La corruption souvent dénoncée au Faso n’est pas seulement le fait de ministres indélicats. Elle l’est aussi pour les fonctionnaires. Pour preuve, la police municipale, la Direction Générale des Transports Terrestres et Maritimes (DGTTM) et les douanes sont les services les plus corrompus, selon le récent rapport du Réseau national de lutte anti-corruption (RENLAC). Pourtant, ce ne sont pas des ministres qui y travaillent. Certains postulent que si la loi devait être appliquée sur le délit d’apparence, des promotions entières seraient renvoyées de certains corps. Cette guerre ouverte entre gouvernants et syndicats n’est ni plus ni moins qu’une prise en otage des citoyens burkinabè par un groupuscule d’individus. C’est malsain, mesquin, voire un pêché, qu’un gouvernement et des fonctionnaires tuent à petits feux des citoyens d’un pays.

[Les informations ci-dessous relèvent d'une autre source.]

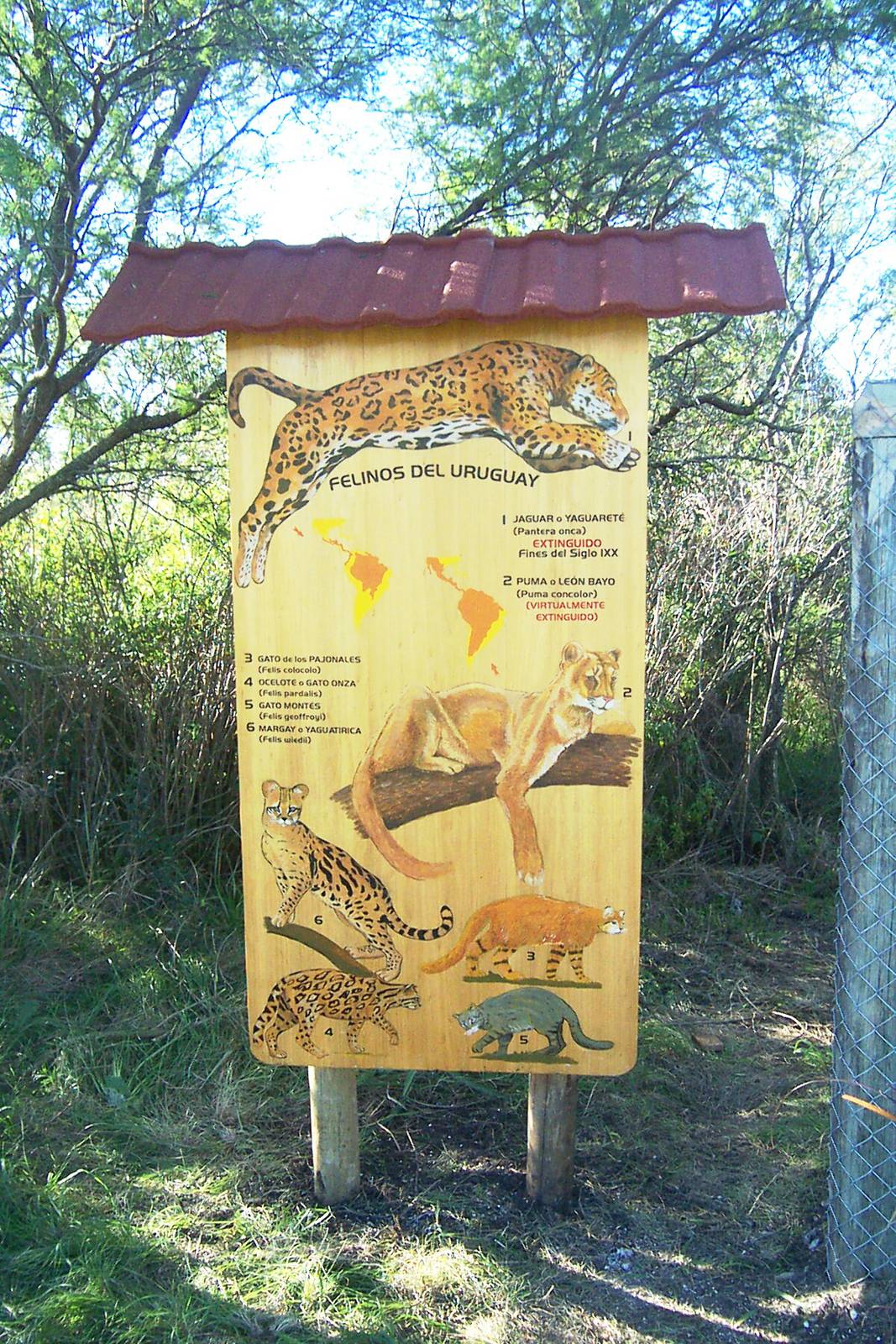 Bioparque M'Bopicuá (Uruguay)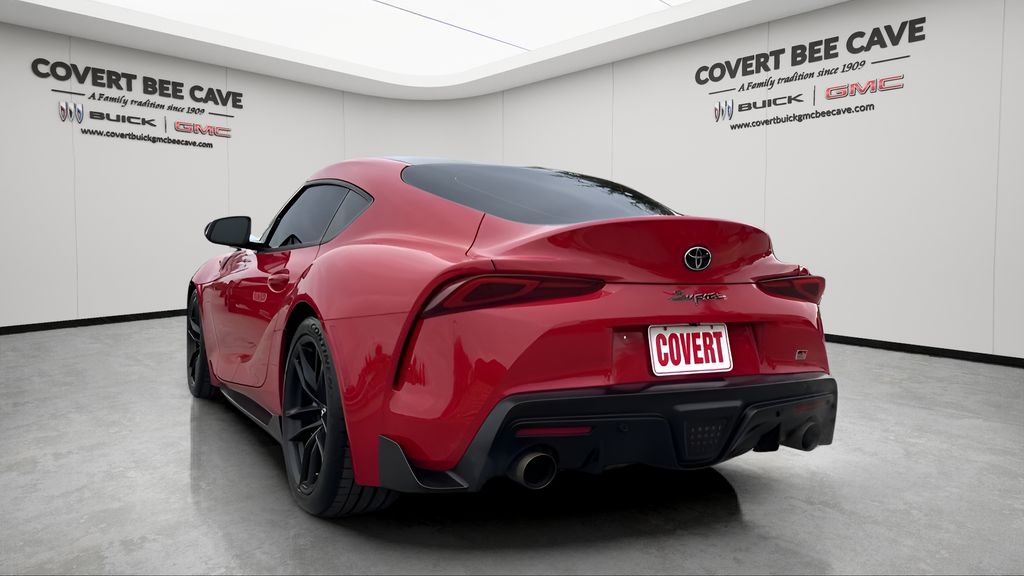 Used Car 2020 Toyota Supra  3.0 For Sale Under $50,000 In Austin, Texas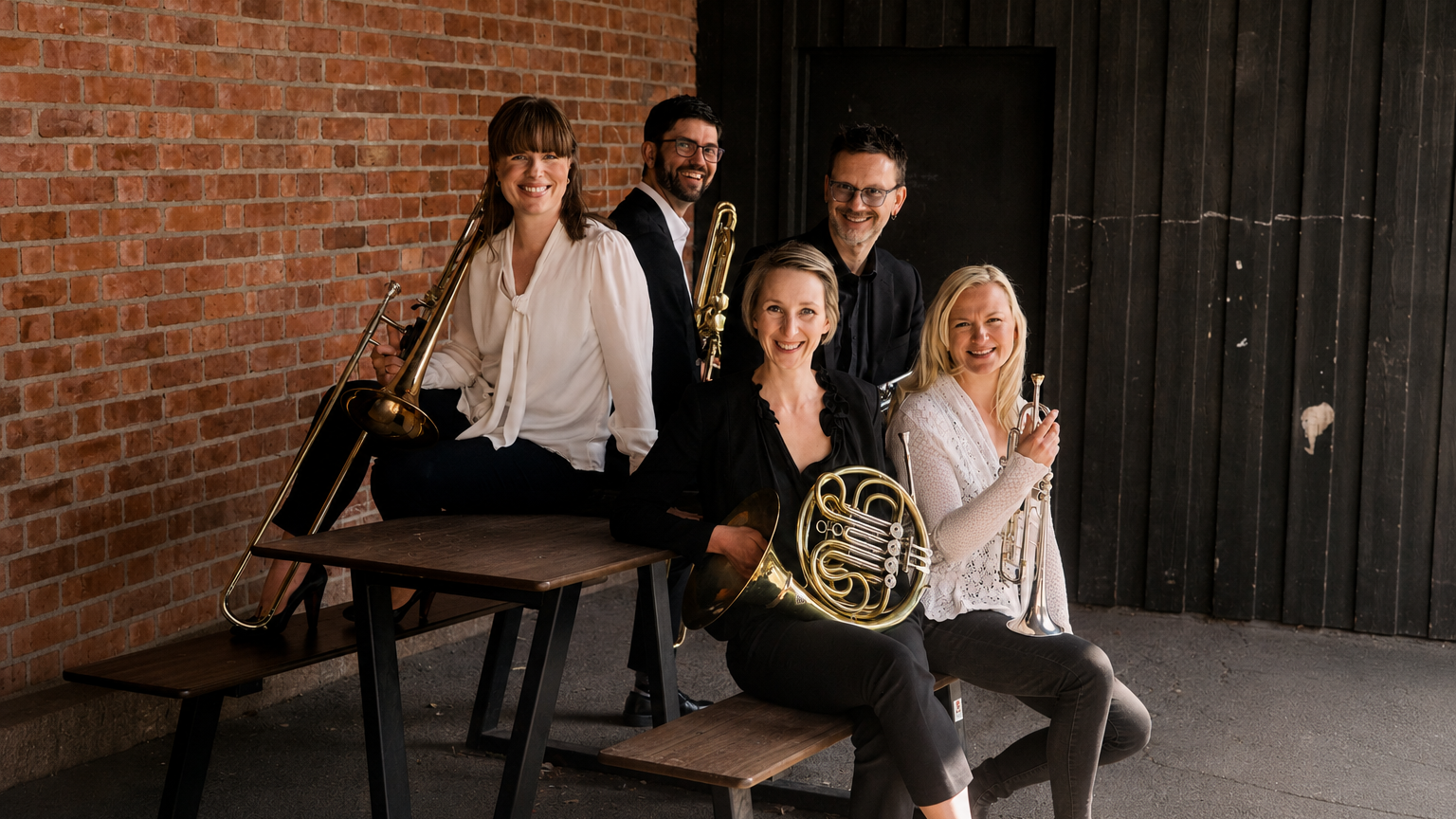 In all ihrem Glanz Oslo Brass Quintet & Hans André Stamm (IDO FESTIVAL)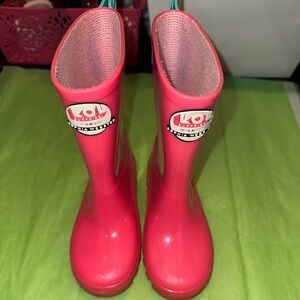 Girls Lol Surprise Rain Boots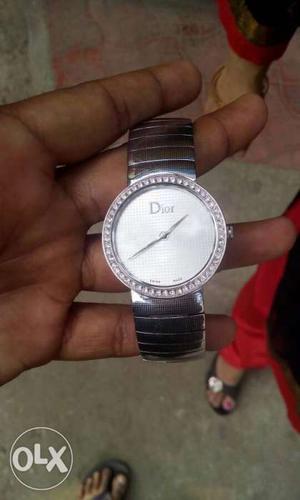 Dior brand !swizz made.. its ladies watch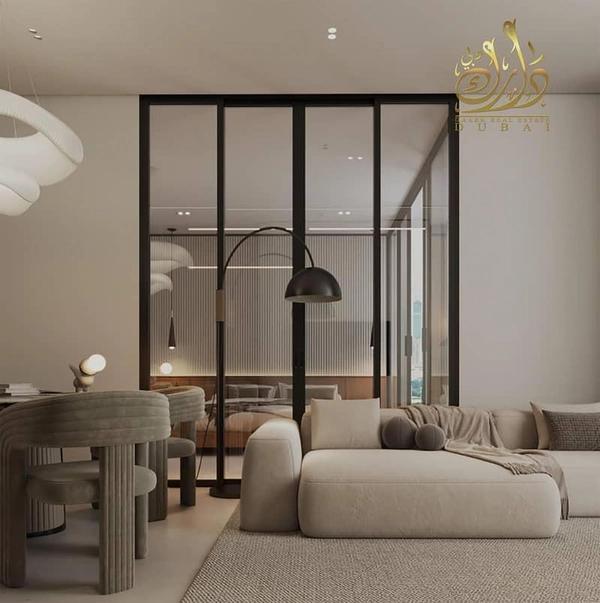 Furnished Studio | Balcony | Skyline & Park Views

Ce sont les pauvres burkinabè qui vont payer le prix fort dans cette situation désastreuse. Devant des personnes sans morale, des burkinabè mourront, des pauvres n’auront pas à manger, des entreprises risquent de fermer. Pire, les terroristes gagneront du terrain. Si le gouvernement recule, il ne mourra pas. Si les fonctionnaires paient aussi l’IUTS, ils n’iront pas non plus en enfer. Par contre, si les deux parties (à peine 1% des 18 millions de burkinabè) continuent sur leur lancée, c’est tout le Burkina Faso qui risque de sombrer.

A quoi sert un gouvernement sans gouvernés, sans territoire ? Les fonctionnaires peuvent avoir aussi de gros salaires, mais où vont-ils le dépenser, sans Etat stable ? L’argent brut ne se mange pas. Soit on achète un bien, soit l’on paie un service. Il n’est pas non plus éternel, il faut toujours travailler pour l’avoir. Il est grand temps que chacun mette de l’eau dans son vin. Bomber la poitrine, et faire croire qu’on est fort ne conduit nulle part. Personne n’a été contraint d’être chef ou membre d’un gouvernement. Quand on n’a pas de solutions, on s’en va. De même, personne n’a intégré la fonction publique avec une baïonnette. Quand on n’est pas d’accord avec ses conditions salariales, on démissionne courageusement, et on part là où on est mieux traité. En entendant, que ce temps de carême chrétien adoucisse le cœur de pierre de chacun, pour le bonheur de tous.